The concept of acceleration has a central place in contemporary capitalist societies. For some this amounts to a “shrinkage to the present” and to a sense of capitalism’s inescapability within a fully 24/7 culture. For others it is to be embraced as the basis for an ultimate transcendence of capitalism itself. What is the philosophical meaning of “acceleration”? How does it relate to alternate conceptions of “modernity” and of “the new”?
David Cunningham: ‘Acceleration, Transition and the Idea of Socialism’
In his famous study of the ‘semantics of historical time’, Reinhart Koselleck suggested that ‘two specific temporal determinants characterize the new experience of transition: the expected otherness of the future and, associated with it, the alteration in the rhythm of temporal experience: acceleration, by means of which one’s own time is distinguished from what went before’. Yet recent accounts of the accelerated temporalities of contemporary capitalism have tended to stress, in fact, not so much the alterity of the future as what Paul Virilio calls a ‘futurism of the instant that has no future’. This paper explores the degree to which the ongoing crisis of socialism as a political project and idea (not least as this is manifested in dominant articulations of the Idea of Communism) can be understood, in part, through this shift, of which one consequence is a effacement of those difficult questions surrounding the temporalities of ‘transition’ itself, which come to be replaced instead by various fictions of apocalypse and exodus.

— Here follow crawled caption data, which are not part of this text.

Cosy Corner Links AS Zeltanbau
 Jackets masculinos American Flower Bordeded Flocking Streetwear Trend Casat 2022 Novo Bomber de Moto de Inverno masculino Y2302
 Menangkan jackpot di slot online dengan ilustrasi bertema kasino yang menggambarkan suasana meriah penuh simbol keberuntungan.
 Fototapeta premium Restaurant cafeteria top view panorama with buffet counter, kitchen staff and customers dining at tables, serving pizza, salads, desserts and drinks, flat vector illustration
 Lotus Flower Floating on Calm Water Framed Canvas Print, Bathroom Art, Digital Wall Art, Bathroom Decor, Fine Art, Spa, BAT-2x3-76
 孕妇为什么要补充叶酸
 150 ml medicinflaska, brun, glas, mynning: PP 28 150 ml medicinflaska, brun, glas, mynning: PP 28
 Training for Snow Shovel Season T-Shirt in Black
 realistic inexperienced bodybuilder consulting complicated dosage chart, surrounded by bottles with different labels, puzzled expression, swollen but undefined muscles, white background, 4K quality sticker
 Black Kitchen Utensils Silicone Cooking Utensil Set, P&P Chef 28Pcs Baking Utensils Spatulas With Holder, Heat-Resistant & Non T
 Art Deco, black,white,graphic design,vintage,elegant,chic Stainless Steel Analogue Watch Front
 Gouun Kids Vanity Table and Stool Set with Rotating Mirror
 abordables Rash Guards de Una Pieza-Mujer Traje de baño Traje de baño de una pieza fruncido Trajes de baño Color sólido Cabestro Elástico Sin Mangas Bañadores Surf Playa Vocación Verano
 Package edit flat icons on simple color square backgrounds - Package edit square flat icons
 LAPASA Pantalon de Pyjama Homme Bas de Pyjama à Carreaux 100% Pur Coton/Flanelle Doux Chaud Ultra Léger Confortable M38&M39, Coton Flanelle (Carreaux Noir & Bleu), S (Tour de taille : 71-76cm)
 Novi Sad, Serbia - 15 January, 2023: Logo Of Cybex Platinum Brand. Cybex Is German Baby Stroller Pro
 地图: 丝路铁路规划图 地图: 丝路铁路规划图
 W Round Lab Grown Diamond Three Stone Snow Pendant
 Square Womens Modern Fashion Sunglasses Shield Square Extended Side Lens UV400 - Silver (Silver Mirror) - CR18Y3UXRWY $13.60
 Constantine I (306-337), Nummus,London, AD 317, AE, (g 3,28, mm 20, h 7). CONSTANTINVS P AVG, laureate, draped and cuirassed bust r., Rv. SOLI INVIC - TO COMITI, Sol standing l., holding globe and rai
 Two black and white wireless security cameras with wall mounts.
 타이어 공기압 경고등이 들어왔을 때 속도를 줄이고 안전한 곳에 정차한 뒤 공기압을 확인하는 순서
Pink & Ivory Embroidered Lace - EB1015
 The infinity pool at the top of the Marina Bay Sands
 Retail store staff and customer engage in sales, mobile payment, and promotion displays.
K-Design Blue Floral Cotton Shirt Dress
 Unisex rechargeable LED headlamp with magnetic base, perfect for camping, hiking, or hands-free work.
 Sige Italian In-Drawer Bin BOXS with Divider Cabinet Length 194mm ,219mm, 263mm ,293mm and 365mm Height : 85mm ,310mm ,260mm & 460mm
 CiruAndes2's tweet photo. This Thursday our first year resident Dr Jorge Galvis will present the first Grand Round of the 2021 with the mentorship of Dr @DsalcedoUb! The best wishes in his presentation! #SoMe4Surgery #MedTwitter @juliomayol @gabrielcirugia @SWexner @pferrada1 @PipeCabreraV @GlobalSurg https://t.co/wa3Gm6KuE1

Frank Engster: ‘The Conditions of Acceleration: Money as a Technique of Measurement’
The argument of this paper is that in modern society acceleration began when money started to measure the valorisation of labour. By measuring, money constitutes an ‘economy of time’. It is as if money takes time to measure a process that because of that measurement itself enters into relations of time and obtains its productive power by way of these relations, namely through the relations between living and dead labour and necessary and surplus labour-time. It is the measurement of these relations, and in particular the reduction of necessary labour-time, that appears as acceleration. In short: there is no acceleration without a measure – acceleration is temporalization by measuring productivity by time. And money, by quantifying productivity and circulating these quanta in its circles, became the technical means of this temporalization.
Nina Power: ‘Technology and Scale: Whose Future?’
This paper will critique the conceptions of temporality inherent in the accelerationist project, arguing that there is a fundamental sleight of hand when it comes to accelerationist theorising of the future in the present, in the sense that an often overheated rhetoric comes to stand in for a properly rigorous critical exploration of scale: sweeping statements about the power of technocapital to alter human futures omits to understand that our conception of time itself is a product of multiple modes of theorising, many of which are negative. Accelerationism fails to criticize the time of capital, rendering its theorising indistinguishable from the chrono-ideology of capital itself.